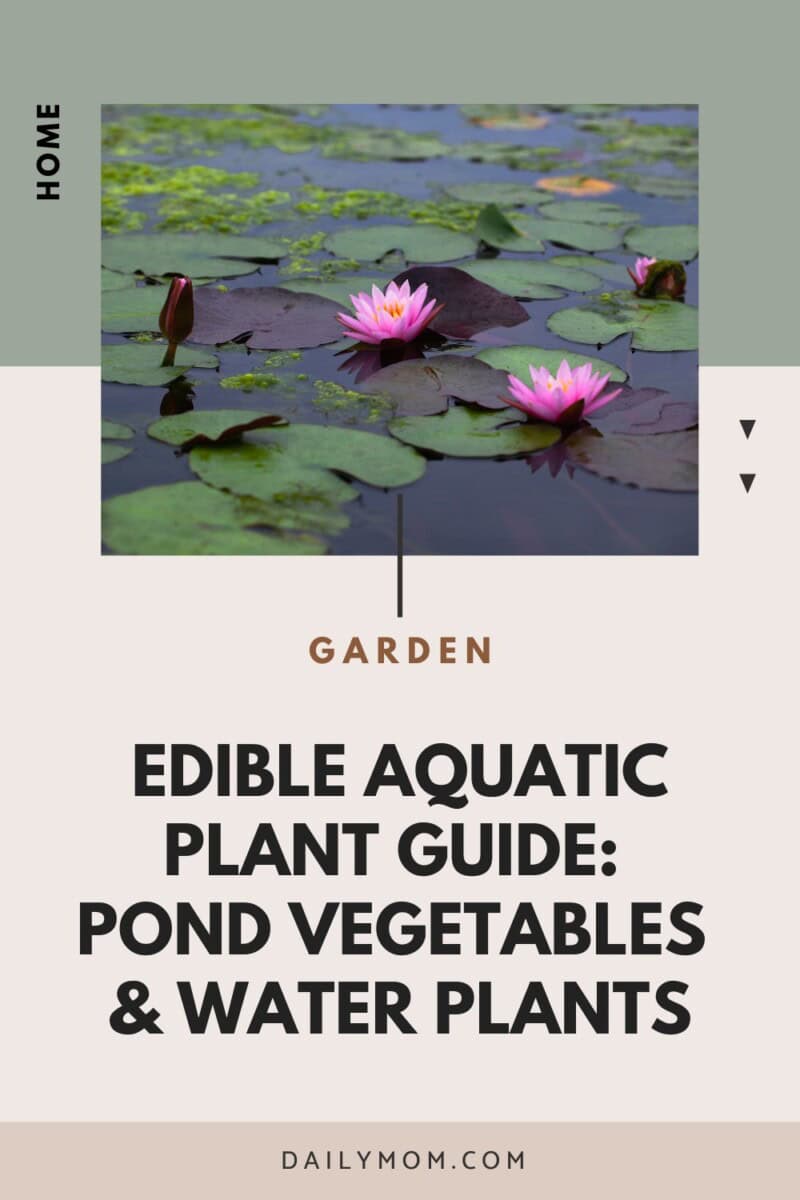 Edible Aquatic Plant Guide: Pond Vegetables &Amp; Water Plants 4 Daily Mom, Magazine For Families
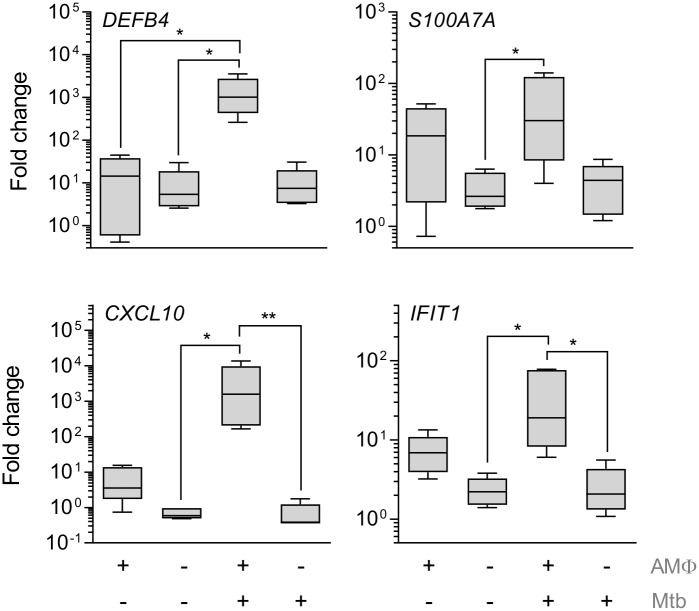 Fig 4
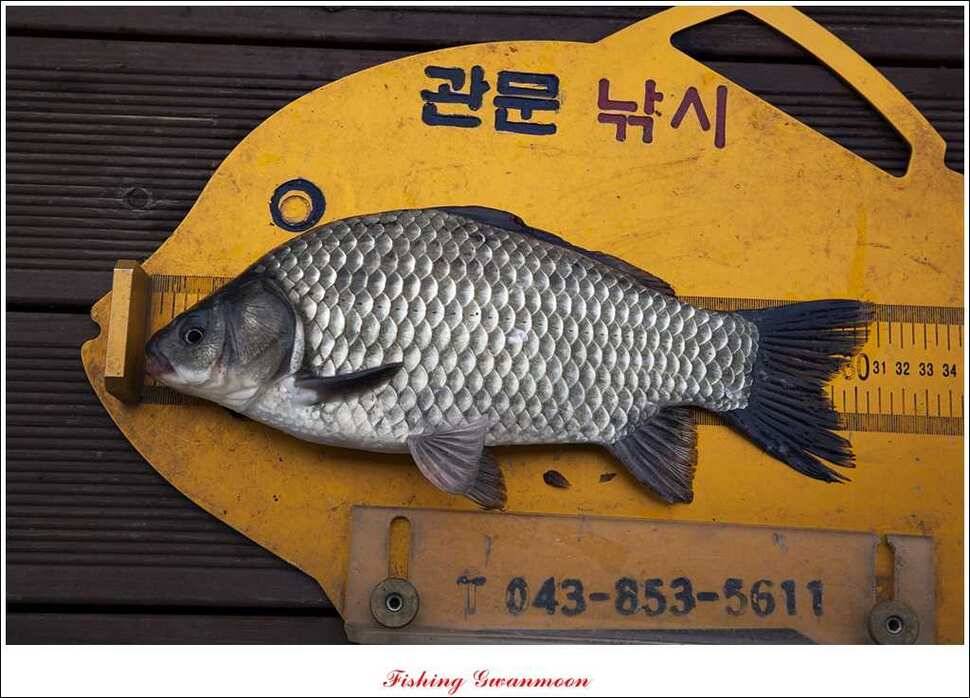 내사리 제일 37 cm윤 낚시터 월척 (조황조행기 - 특파원조황)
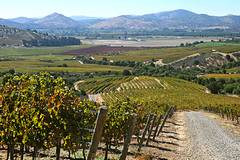 Vignes de Concha y Toro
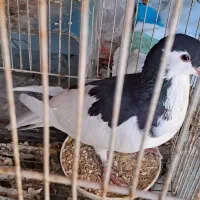 یال الماسی نر|پرنده|شیراز, پودنک|دیوار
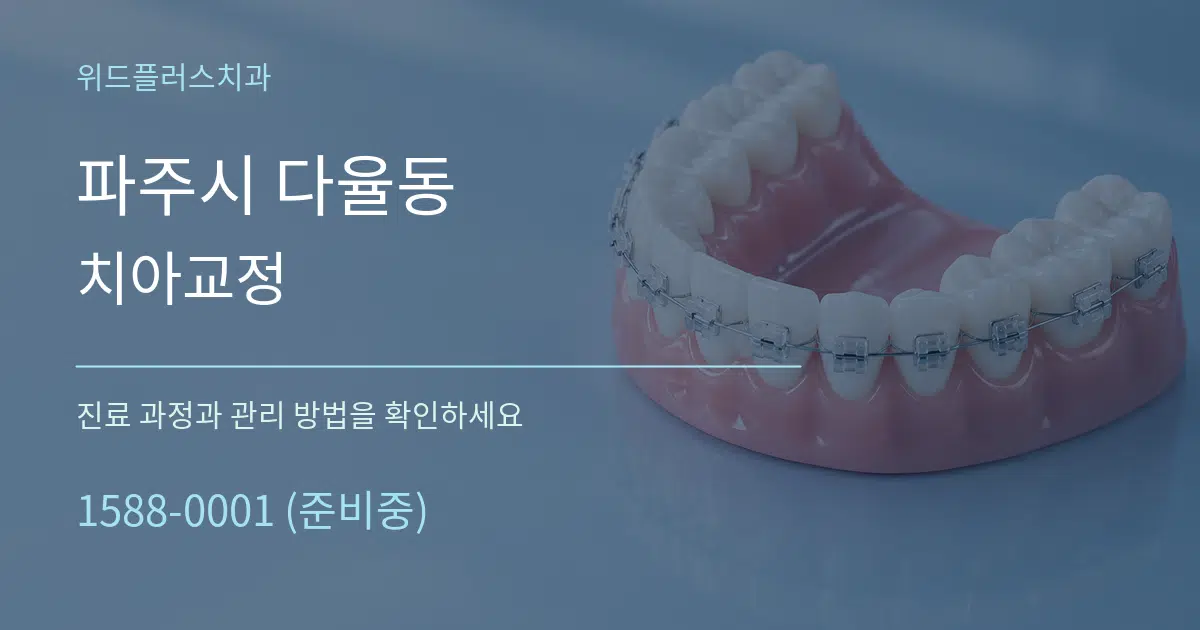 파주시 다율동 치아교정 작업 조건 안내 그래픽
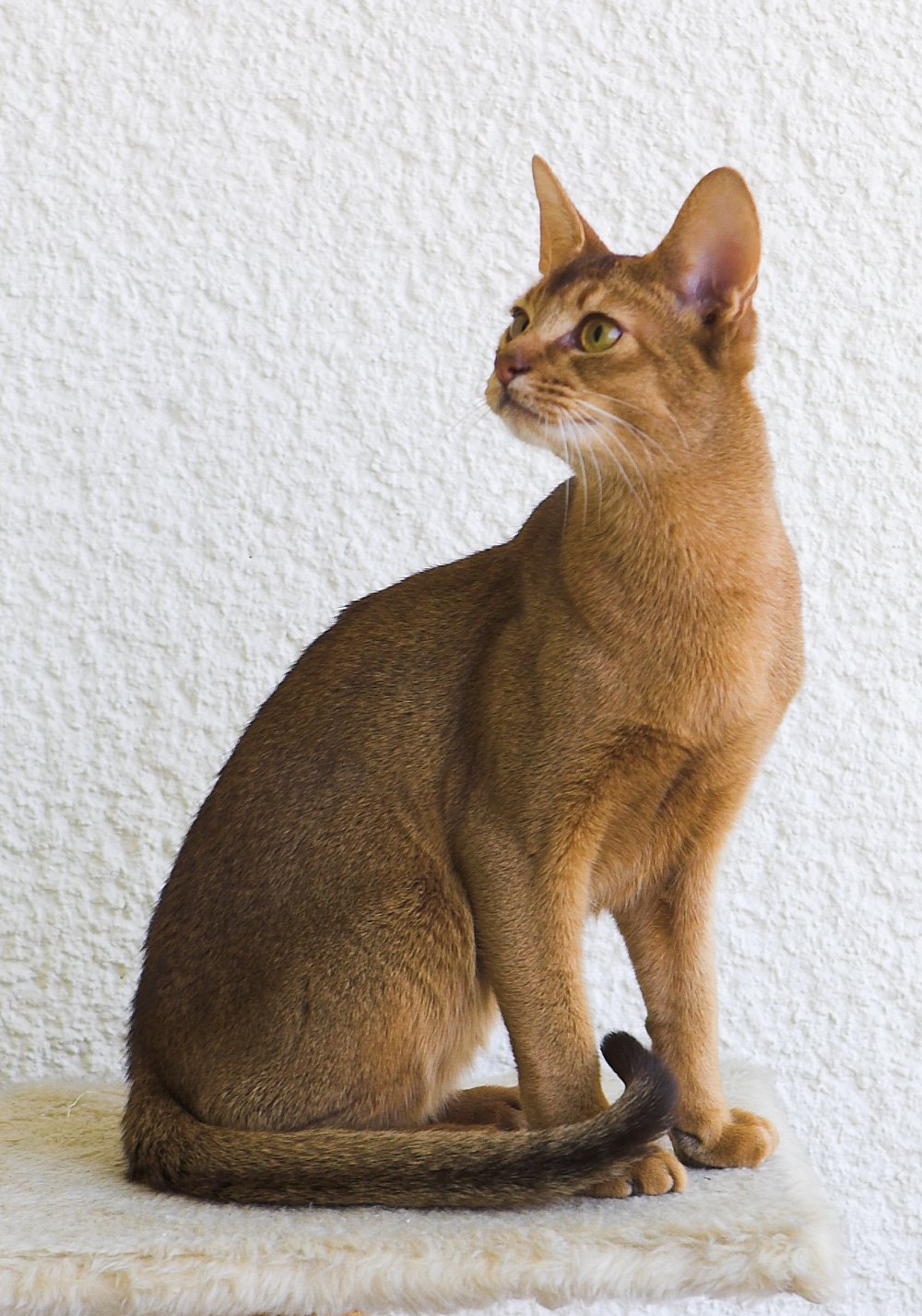 Abyssinian: The Energetic Explorer (image credits: wikimedia)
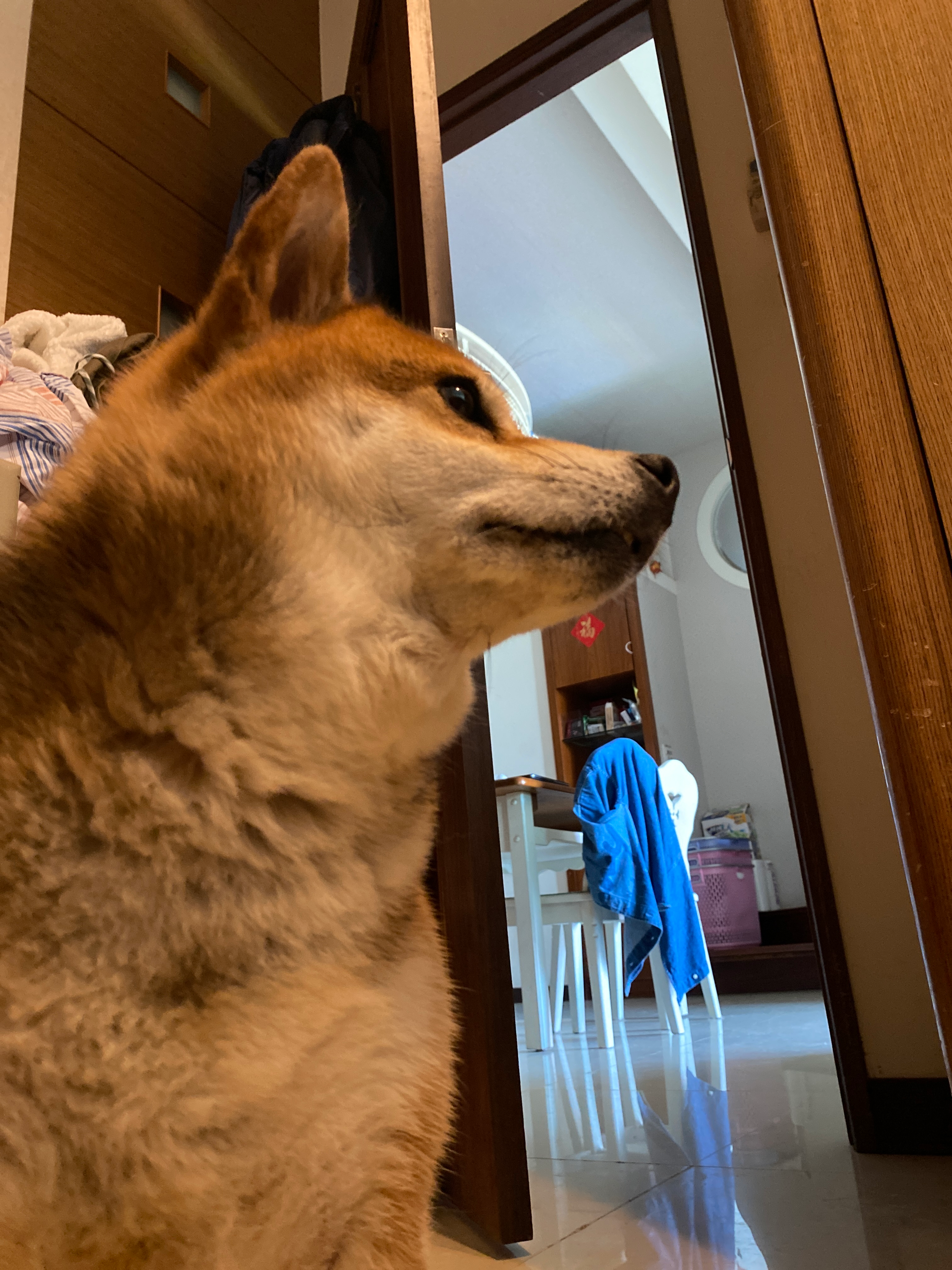 user avatar image for James Ke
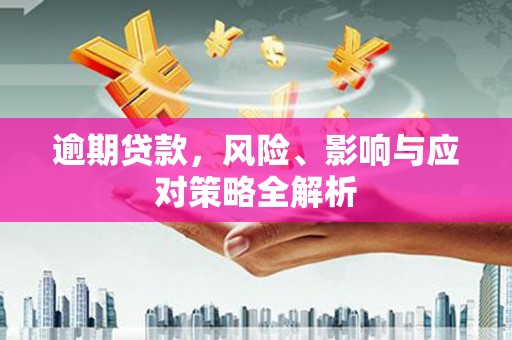 褒忠逾期贷款，风险、影响与应对策略全解析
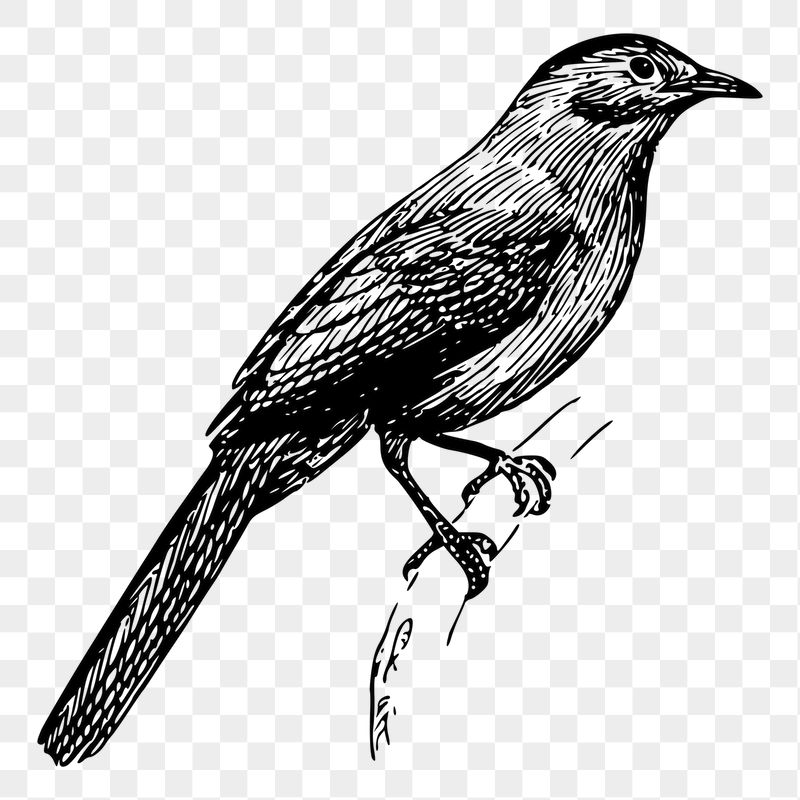 Catbird png sticker, vintage animal | Free PNG - rawpixel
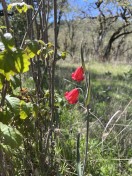 fritillary recurva
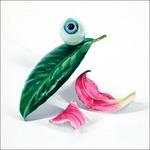 Petals Have Fallen - Vinile LP di Dels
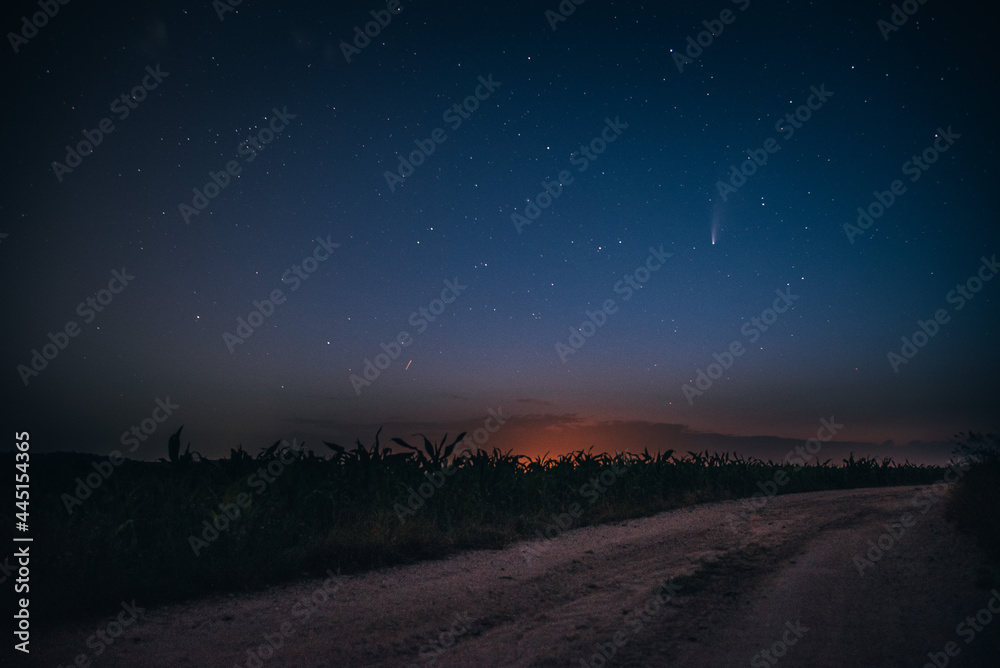 Wall mural night sky with stars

★ ★ ★

Before copying the material, set its pictures aside; then transcribe it word for word.

> **ANSWER BOX**:
 Edible Aquatic Plant Guide: Pond Vegetables &Amp; Water Plants 4 Daily Mom, Magazine For Families
 Fig 4
 내사리 제일 37 cm윤 낚시터 월척 (조황조행기 - 특파원조황)
 Vignes de Concha y Toro
 یال الماسی نر|پرنده|شیراز, پودنک|دیوار
 파주시 다율동 치아교정 작업 조건 안내 그래픽
 Abyssinian: The Energetic Explorer (image credits: wikimedia)
 user avatar image for James Ke
 褒忠逾期贷款，风险、影响与应对策略全解析
 Catbird png sticker, vintage animal | Free PNG - rawpixel
 fritillary recurva
 Petals Have Fallen - Vinile LP di Dels
 Wall mural night sky with stars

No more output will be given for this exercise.